Sometime during my four years of high school, I made friends with a motorman on the “GG.” He’d open the cab door a bit and we’d talk as the train rolled on. He was an Irishman. I think his last name was Sheridan. He spoke with a thick Irish brogue. He was a union man in the TWU – Mike Quill’s union.

Even when I wasn’t on his train, I’d usually ride in the front car, my nose pressed up against the glass, looking at the tunnel and tracks.

The “GG” has an interesting ride. Though we took the same route as the express trains, for a few stops they disappeared. I’m not sure if they took a more direct route or were over or under us. They just weren’t there, where you expected them.

There was one spot that looked like it had been planned as a spur. The tunnel opened to the right side, though no tracks were laid.

In Brooklyn, at one stop, a third track appeared. The station had two platforms with the “GG” on the outside tracks and a phantom track in the middle. If it was used for anything, I never saw it.
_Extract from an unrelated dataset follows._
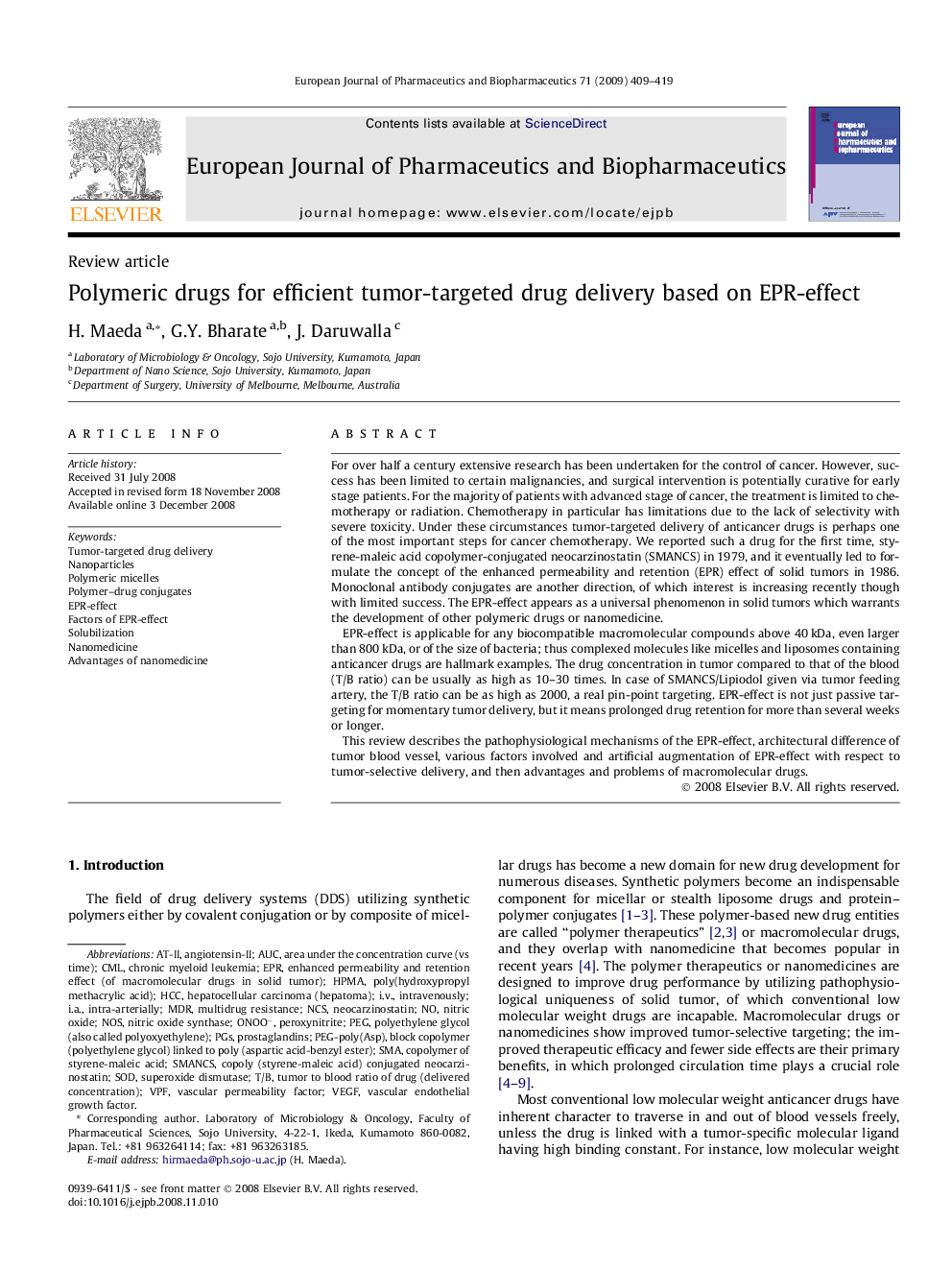 Polymeric drugs for efficient tumor-targeted drug delivery based on EPR-effect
The “GG” had old cars. In the late 60s, as stainless cars started appearing on other lines, the “GG” kept rolling with equipment from the 30s and 40s. The seats were padded beneath a wicker material or some red rubbery replacement. That was probably the last time New Yorkers were trusted with padded seats that could be ripped apart and vandalized. The cars were lit with incandescent bulbs that blinked every once in a while, as the train made and lost contact with the third rail.

To cut down on theft, the subway’s bulbs screwed in the opposite direction of the bulbs you use at home. Pretty clever.
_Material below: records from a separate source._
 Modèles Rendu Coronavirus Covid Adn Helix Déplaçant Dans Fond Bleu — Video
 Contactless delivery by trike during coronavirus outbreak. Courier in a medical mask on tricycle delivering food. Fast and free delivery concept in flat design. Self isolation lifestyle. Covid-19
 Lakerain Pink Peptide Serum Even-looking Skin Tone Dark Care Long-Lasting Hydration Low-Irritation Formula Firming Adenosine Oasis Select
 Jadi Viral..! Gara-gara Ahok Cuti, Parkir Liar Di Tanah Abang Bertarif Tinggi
I knew these trains well – their ins and outs. If there was someone you didn’t like, all you needed to do was take the ‘arm strap’ above and push it back until it would go no further. A black shower of very fine metal would come down, staining whatever was under it.

I always wanted to ‘drive’ a subway. I know that’s the wrong term. It’s still what I wanted to do. Even today, if given the opportunity, I’d take the controls.

When our family goes to New York. We often take the subway to go from place-to-place. My family thinks of it as necessary transportation. I think they know in the back of their mind, it’s still a fun ride for me.

Blogger’s note: Photos accompanying web entries should reflect the actual content. In this case, they are random subway shots I’ve taken. I wasn’t clever enough to anticipate my blog and shoot the “GG” in 1967. Photography in the subway is now prohibited. This is a real shame. I loved taking available light shots while underground.

One thought on “100th Anniversary of the Subway”

  1. Hey, this beats my story of how I got to school as a kid; it is much more exciting than my bland yellow bus excursions. However, while we are on the topic, I do have one interesting note. Our bus driver only had one ear. Being the inquisitive (nosey and inappropriate) kid that I was, I said, “hey, what happend to your ear?” The bus driver was really nice about it. He told me that he was in Vietnam and got hit by shrapnel! This was my first history lesson.

    Later on that year, our neighbor, Frankie, took his life in his 20’s. I found out that he too had been in Vietnam. His family would come in to check on him and he’d be hiding under tables and beds, shaking and sweating. He was having flashbacks and he said he could not live with it anymore. So there you have it … see what an array of memories can come up on the topic of “rides to school”!!

    Needless to say, I have never joined the military and I never will. My brother however, does not feel the same. That was until he got sent to help fight the war as a 37 year old National Guardsman and father of 2 young kids!